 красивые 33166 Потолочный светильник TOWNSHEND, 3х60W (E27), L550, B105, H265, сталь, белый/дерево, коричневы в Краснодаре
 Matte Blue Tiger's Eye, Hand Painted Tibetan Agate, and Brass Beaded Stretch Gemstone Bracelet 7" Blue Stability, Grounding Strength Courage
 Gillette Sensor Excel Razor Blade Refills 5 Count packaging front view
...
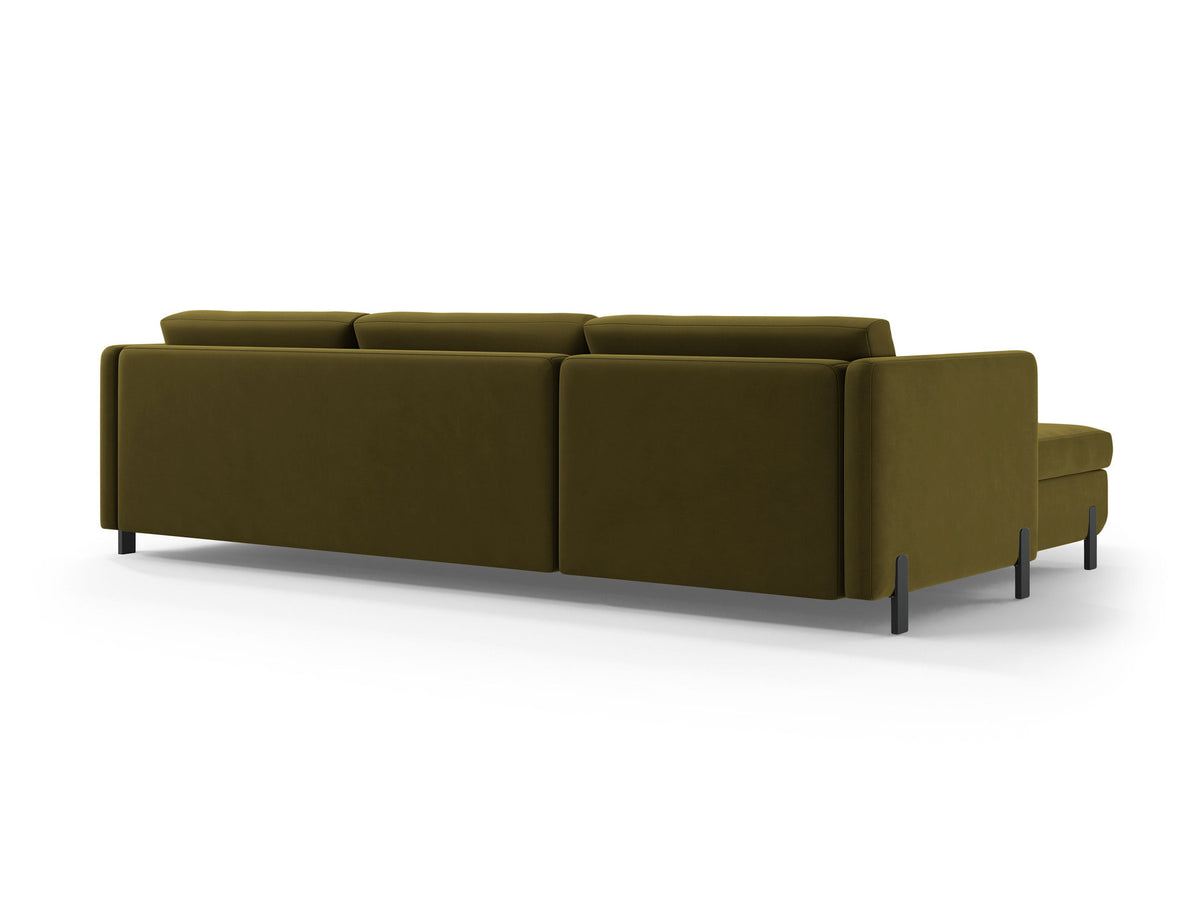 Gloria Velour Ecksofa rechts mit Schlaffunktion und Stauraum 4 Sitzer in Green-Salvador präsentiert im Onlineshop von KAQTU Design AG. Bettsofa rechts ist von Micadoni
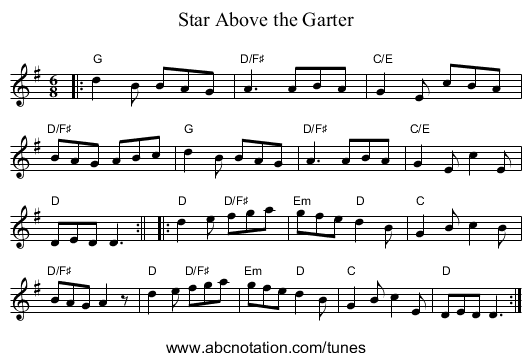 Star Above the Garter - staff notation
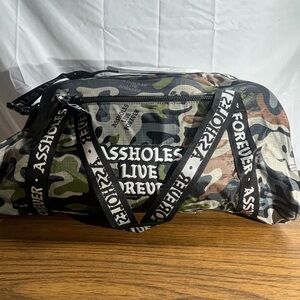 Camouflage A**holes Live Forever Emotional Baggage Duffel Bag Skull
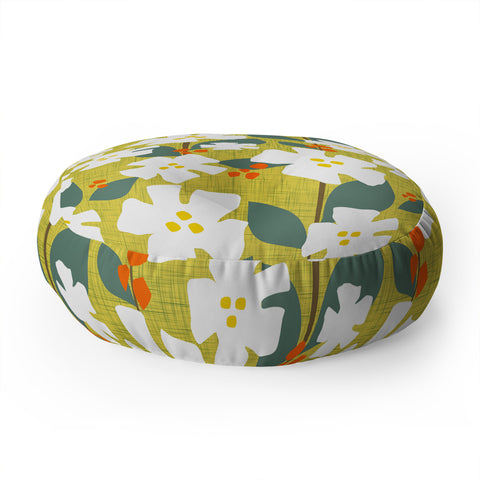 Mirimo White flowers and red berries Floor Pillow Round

* [YOUR ASSIGNMENT]: Within the material above, copy exactly the lines from the line that holds "Matte Blue Tiger's" up to and including the line that holds "Gillette Sensor Excel".

* [COMPLETED EXERCISE]:
 Matte Blue Tiger's Eye, Hand Painted Tibetan Agate, and Brass Beaded Stretch Gemstone Bracelet 7" Blue Stability, Grounding Strength Courage
 Gillette Sensor Excel Razor Blade Refills 5 Count packaging front view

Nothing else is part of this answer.